* The problem
Could you transcribe each entry below exactly, minus the images?

=== Begin Enclosure ===

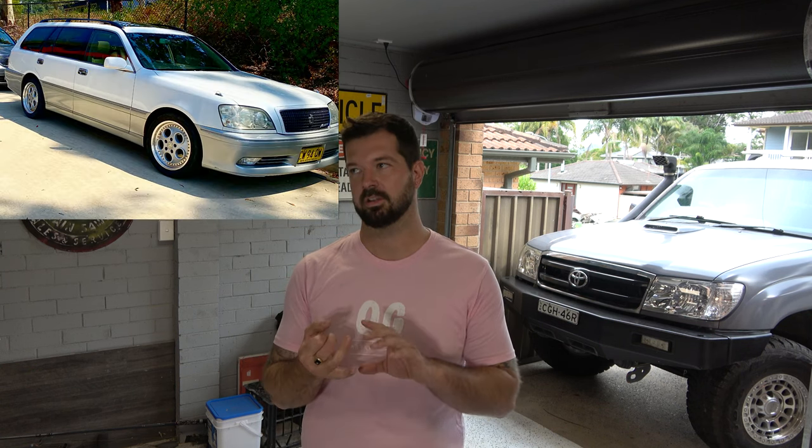For newer cars or things that aren't quite 25 years old yet, there's a different compliance pathway through a RAWS — a Registered Automotive Workshop. These are specific workshops that hold compliance for particular models and have a list of upgrades required to bring certain vehicles up to specification. This process is quite a bit more expensive and a workshop that holds compliance for your specific model should be consulted before you import the car. I've been through this process with a couple of my cars — a Toyota Crown and an S15 Silvia — and whilst it's a straightforward process, it is more time-consuming and definitely more expensive.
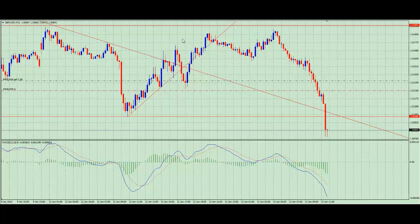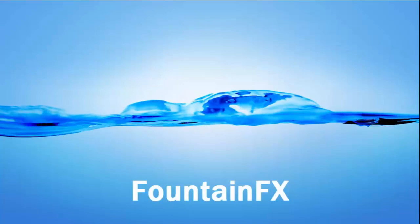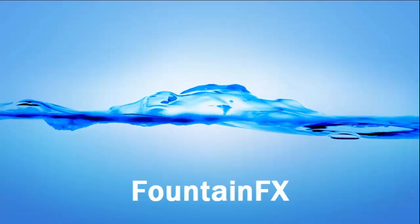That's basically it from FountainFX. Happy trading, we will catch you tomorrow. All the very best, bye-bye.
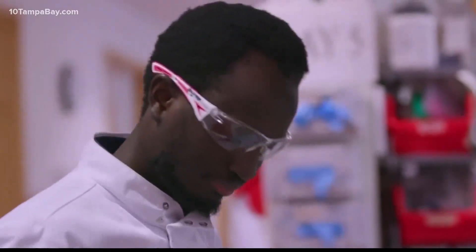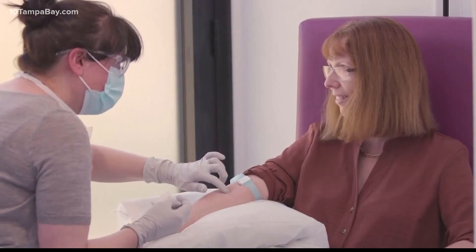As the race to find a vaccine for COVID-19 heats up, did you know there's actually more than one type of vaccine that may become available? 10 Tampa Bay's Emerald Morrow spoke to researchers about their differences and how they work. When you hear vaccine, you just think vaccine. But there are four different kinds of vaccines out there, and how they work in your body are going to be different from each other.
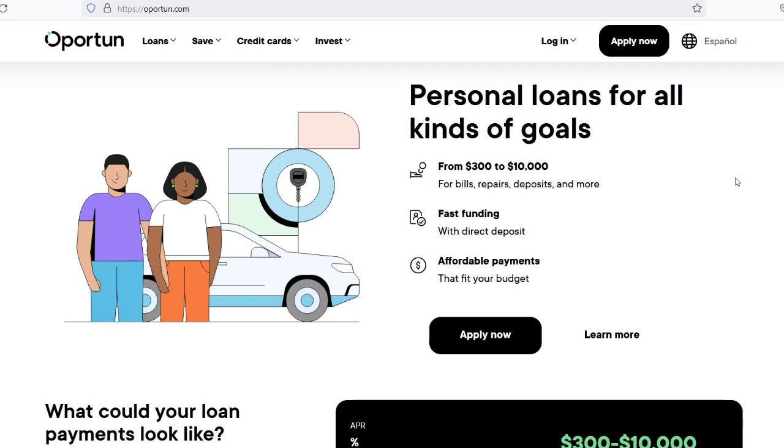While there isn't a specific limit on the number of loans you can get from Opratun, your eligibility for multiple loans depends on various factors, including your creditworthiness, income, and repayment history. By understanding Opratun's loan policies, managing your finances responsibly, and borrowing within your means, you can make informed decisions about obtaining loans that support your financial goals while minimizing risks. Remember to prioritize responsible borrowing and maintain open communication with your lender to ensure a positive borrowing experience.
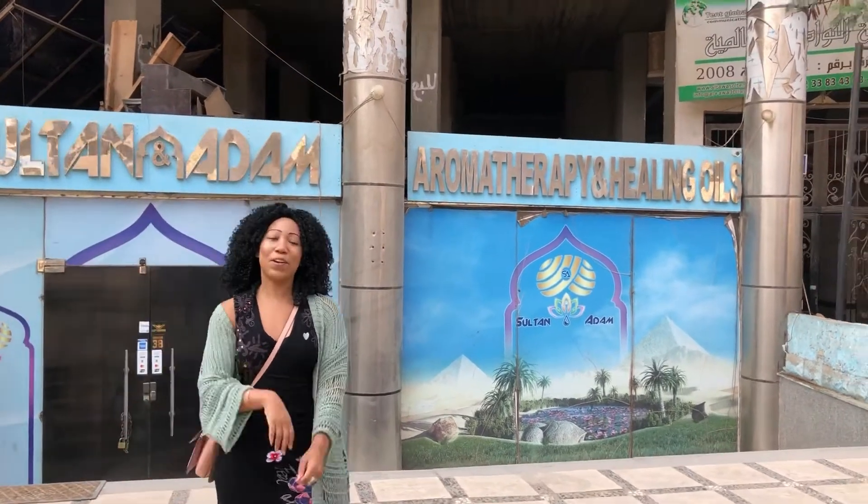Hey guys, welcome back. Today we're going to learn all about ancient Egyptian medication and medicine. So let's go and we're going to learn everything about it.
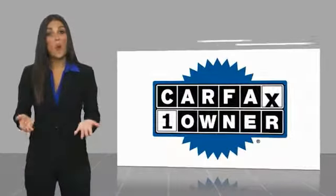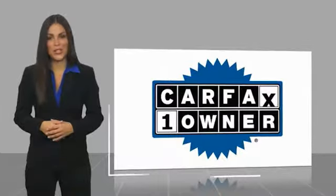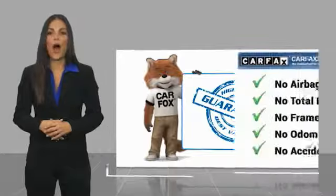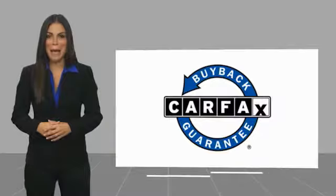This is a one-owner vehicle with the Carfax Vehicle History Report. Be sure to find a complimentary copy of this report online or contact the dealership. This vehicle qualifies for the Carfax buyback guarantee.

=== End Enclosure ===

* Task answer
For newer cars or things that aren't quite 25 years old yet, there's a different compliance pathway through a RAWS — a Registered Automotive Workshop. These are specific workshops that hold compliance for particular models and have a list of upgrades required to bring certain vehicles up to specification. This process is quite a bit more expensive and a workshop that holds compliance for your specific model should be consulted before you import the car. I've been through this process with a couple of my cars — a Toyota Crown and an S15 Silvia — and whilst it's a straightforward process, it is more time-consuming and definitely more expensive.
That's basically it from FountainFX. Happy trading, we will catch you tomorrow. All the very best, bye-bye.
As the race to find a vaccine for COVID-19 heats up, did you know there's actually more than one type of vaccine that may become available? 10 Tampa Bay's Emerald Morrow spoke to researchers about their differences and how they work. When you hear vaccine, you just think vaccine. But there are four different kinds of vaccines out there, and how they work in your body are going to be different from each other.
While there isn't a specific limit on the number of loans you can get from Opratun, your eligibility for multiple loans depends on various factors, including your creditworthiness, income, and repayment history. By understanding Opratun's loan policies, managing your finances responsibly, and borrowing within your means, you can make informed decisions about obtaining loans that support your financial goals while minimizing risks. Remember to prioritize responsible borrowing and maintain open communication with your lender to ensure a positive borrowing experience.
Hey guys, welcome back. Today we're going to learn all about ancient Egyptian medication and medicine. So let's go and we're going to learn everything about it.
This is a one-owner vehicle with the Carfax Vehicle History Report. Be sure to find a complimentary copy of this report online or contact the dealership. This vehicle qualifies for the Carfax buyback guarantee.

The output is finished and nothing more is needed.